IP Cores for accelerating JPEG2000
Louvain-la-Neuve Belgium
Abstract :
This paper presents BARCO SILEX’s IP solutions for accelerating picture compression and decompression with the recent JPEG2000 algorithm.
The algorithm is briefly explained and the structure of the IP’s is detailed. Finally, implementation and performance results are exposed for various FPGA and ASIC technologies.
INTRODUCTION
JPEG2000 [1] is the latest algorithm from the JPEG normalization group for still picture compression. It is based on wavelet technology and is very different from its predecessor. It features a large set of capabilities that will allow it to be adopted in a wide spectrum of applications, even extending to video encoding.
In return this compression scheme requires much more computational power than its classical JPEG predecessor, which make software implementations poor candidates for applications requiring very small encoding times.

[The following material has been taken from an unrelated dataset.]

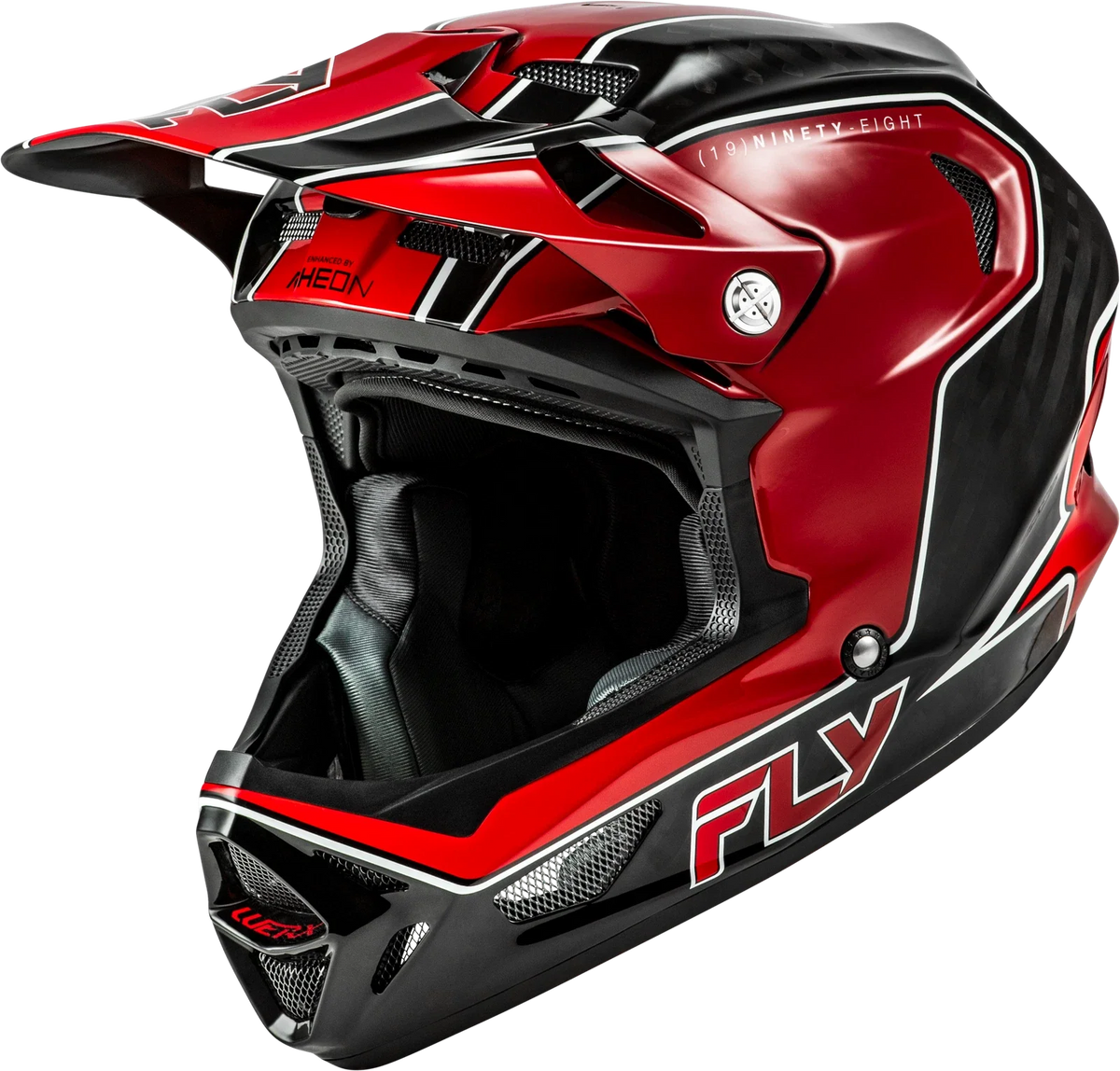 Fly Racing Werx R Flow Carbon Helmet Small Black Red for Bicycle (N/A)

To reach high performance applications, BARCO SILEX has developed two JPEG2000 accelerator IP cores: the BA112JPEG2000E encoder and the BA111JPEG2000D decoder. These are targeted at achieving all computationally intensive tasks of the JPEG2000 algorithm. Coupled to a host CPU, these cores allow building a complete JPEG2000 encoding or decoding solution.
This paper describes the structure of the BARCO SILEX JPEG2000 IP cores. The cores have been developed for sustained high speed processing and feature a state-of-the-art pipelined parallel architecture. Several entropy encoders are implemented in parallel in order to increase the overall pixel throughput.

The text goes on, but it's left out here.